La estrategia de cambio político de la Casa Blanca no apunta a un desmontaje abrupto del modelo chavista, sino a una reforma progresiva impulsada desde dentro del propio régimen, con Delcy Rodríguez a la cabeza como figura operativa bajo la supervisión directa de Washington.

Hasta junio de 2026, el proceso de cambio político en el país ha ido avanzando mediante conversaciones directas entre representantes de la Casa Blanca y Miraflores, en torno a metas verificables definidas por Washington y acordadas con el interinato. Según ha advertido el secretario de Estado, Marco Rubio, el incumplimiento de estos compromisos podría acarrear consecuencias económicas y políticas, e incluso reabrir la posibilidad del uso de la fuerza.
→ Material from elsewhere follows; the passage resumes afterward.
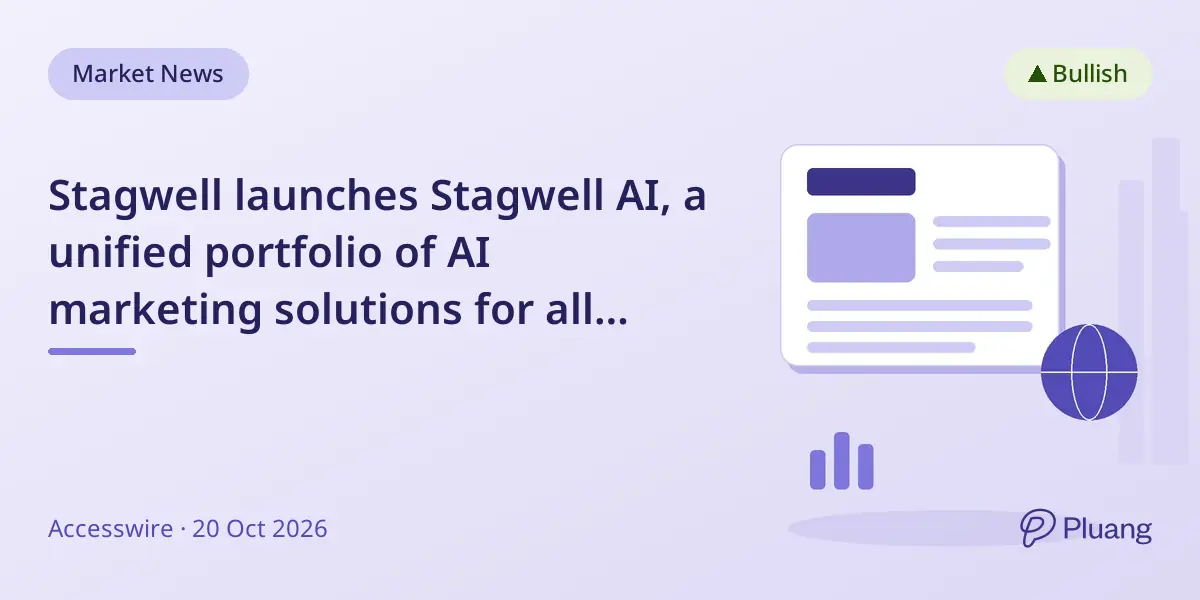 Stagwell launches Stagwell AI, a unified portfolio of AI marketing solutions for all business sizes.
Estas conversaciones bilaterales han sido marcadamente opacas, fuera del escrutinio público y sin que el pueblo venezolano conozca con precisión cuál es el alcance de las metas y compromisos asumidos en su nombre por el interinato. Algunos de estos acuerdos han derivado en proyectos de reforma legal sancionados de forma automática por una Asamblea Nacional, controlada totalmente por el oficialismo y carente de legitimidad, tanto nacional como internacionalmente.

Esta dinámica acaba de ser alterada con la incorporación formal de la representación de la Asamblea Nacional electa en 2015 (AN 2015), encabezada por su presidenta Dinorah Figuera, como un tercer actor dentro de la estrategia estadounidense de cambio político para Venezuela. Este giro genera interrogantes respecto a qué pudo haberlo motivado y cuál será su alcance real.
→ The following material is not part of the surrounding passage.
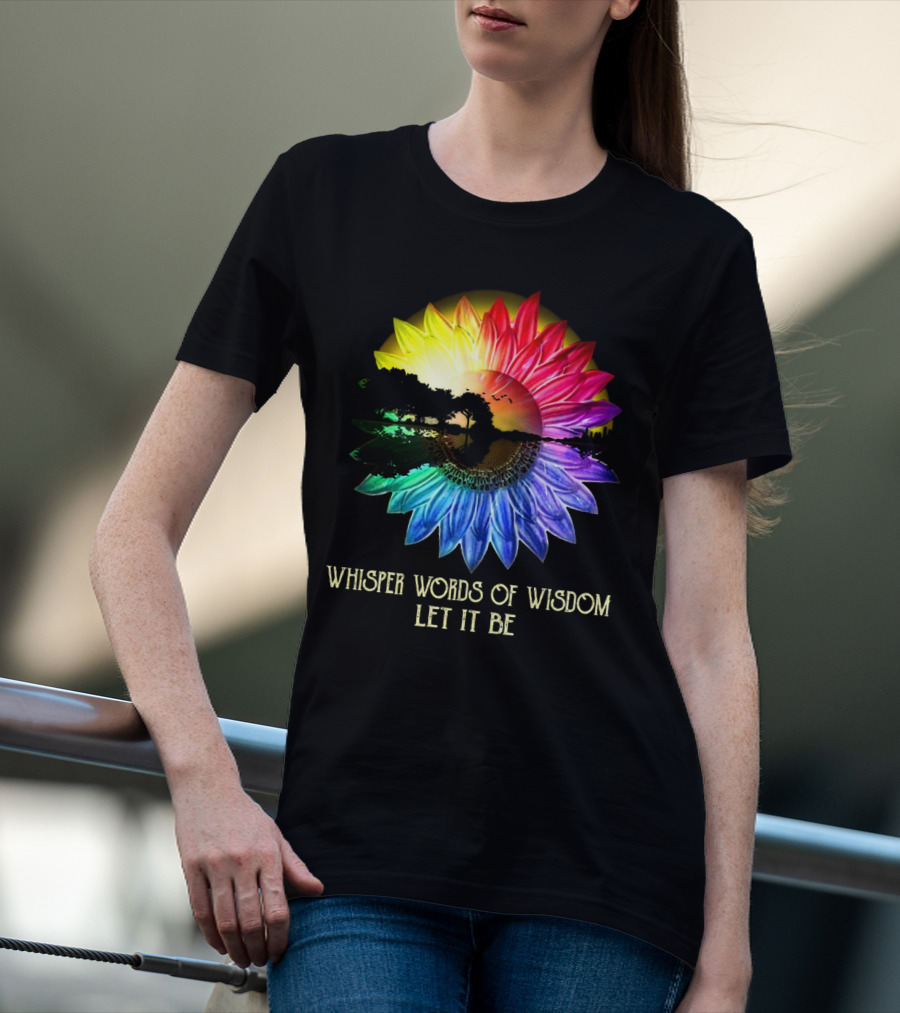 Whisper Words Of Wisdom Let It Be Rainbow Sunflower Nature Scene T-Shirt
Los cuestionamientos que el esquema bilateral no podía responder

Si bien a principios de febrero de este año, la Casa Blanca —incluidos Trump y Rubio— dio algunos indicios de que la estrategia de cambio político en Venezuela podría incorporar a representantes de la oposición democrática, lo cierto es que esa intención no se materializó, ni se ofrecieron explicaciones sobre por qué no se avanzó en ese sentido. En cambio, se mantuvo el esquema bilateral entre la Casa Blanca y Miraflores.

No obstante, el desarrollo de esta estrategia ha generado, en los últimos meses, cuestionamientos y presiones que el esquema bilateral no ha podido responder satisfactoriamente y que podrían explicar el actual viraje de la administración Trump. Entre ellos destacan: la creciente desconfianza dentro de Venezuela sobre si el proceso avanzaba realmente hacia una transición democrática o hacia la normalización del postmadurismo; el reclamo de sectores de la política estadounidense por una ruta clara hacia las elecciones en Venezuela; y la persistente incertidumbre jurídica en el país que frena a los inversionistas estadounidenses.

Marco Rubio hablando con medios.
Marco Rubio ha advertido que el incumplimiento de los compromisos adquiridos con el Gobierno de Estados Unidos por parte de Venezuela podría acarrear consecuencias económicas y políticas,Imagen: Eric Lee/REUTERS

El primer cuestionamiento surge dentro de Venezuela. Mientras Trump manifiesta públicamente su satisfacción con la actuación de Delcy Rodríguez al frente del interinato, en el país ha crecido el cuestionamiento a su legitimidad como encargada de la Presidencia, una encargaduría que, conforme a la Constitución, tiene un plazo máximo de 180 días y vence el 3 de julio. Delcy Rodríguez no tiene mandato electoral propio. Su posición deriva de la designación de un presidente ilegítimo, y en último término, del tutelaje estadounidense.

A ello se suman el descontento con los resultados de su gestión y la alta desconfianza en su conducción de un proceso de transición democrática que no ha cumplido con las expectativas de los venezolanos. Este rechazo se ha traducido en una creciente conflictividad social, en demandas ciudadanas por el fin del interinato y en la exigencia de convocatoria a elecciones.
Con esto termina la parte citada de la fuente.